→ Collected data:
-*-*-

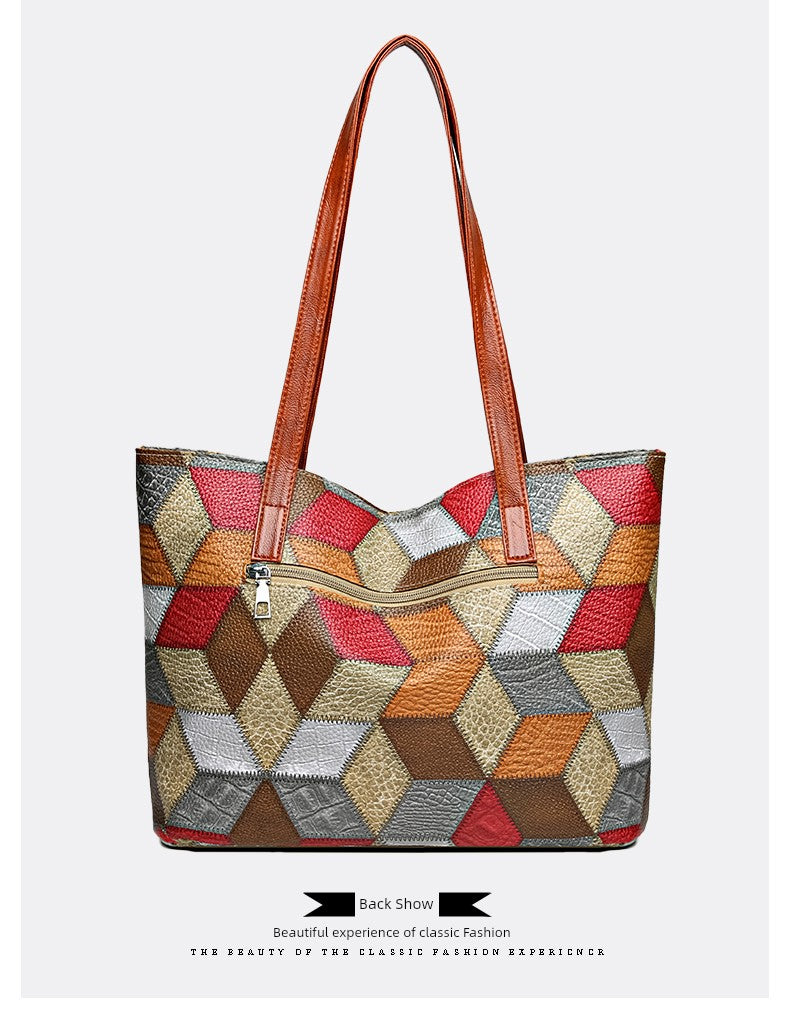 Maxy New Arrival Fashion Middle-Aged Soft Leather Print Big Bag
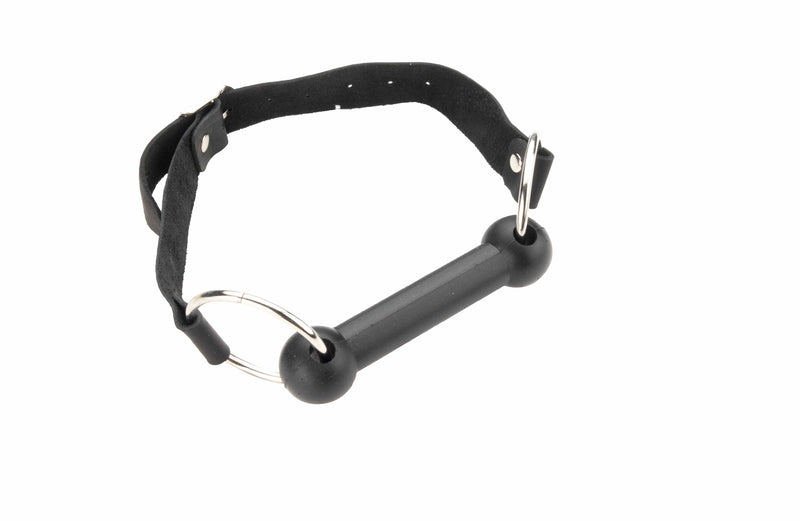 Spartacus Leathers Silicone Bit Gag with leather strap and metal O-rings, comfortable and non-toxic design.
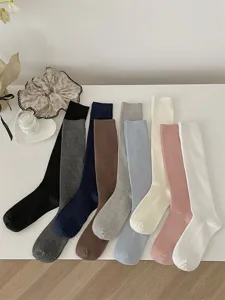 Women's ribbed knee-high socks solid color cotton long socks casual hosiery autumn winter
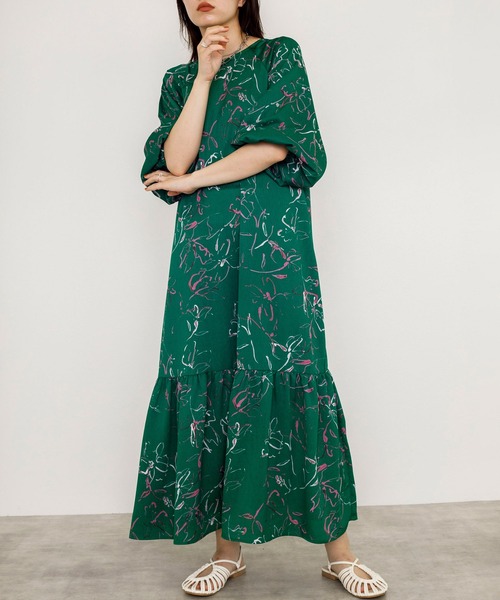 セール ワンピース W Closet ダブルクローゼット のファッション バックオープンプリントワンピース ワンピース W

-*-*-

→ Task statement:
From the line holding "Spartacus Leathers Silicone" through the last line of the material above, each line should be written out exactly, both included; omit the pictures.

→ Exercise solution:
 Spartacus Leathers Silicone Bit Gag with leather strap and metal O-rings, comfortable and non-toxic design.
 Women's ribbed knee-high socks solid color cotton long socks casual hosiery autumn winter
 セール ワンピース W Closet ダブルクローゼット のファッション バックオープンプリントワンピース ワンピース W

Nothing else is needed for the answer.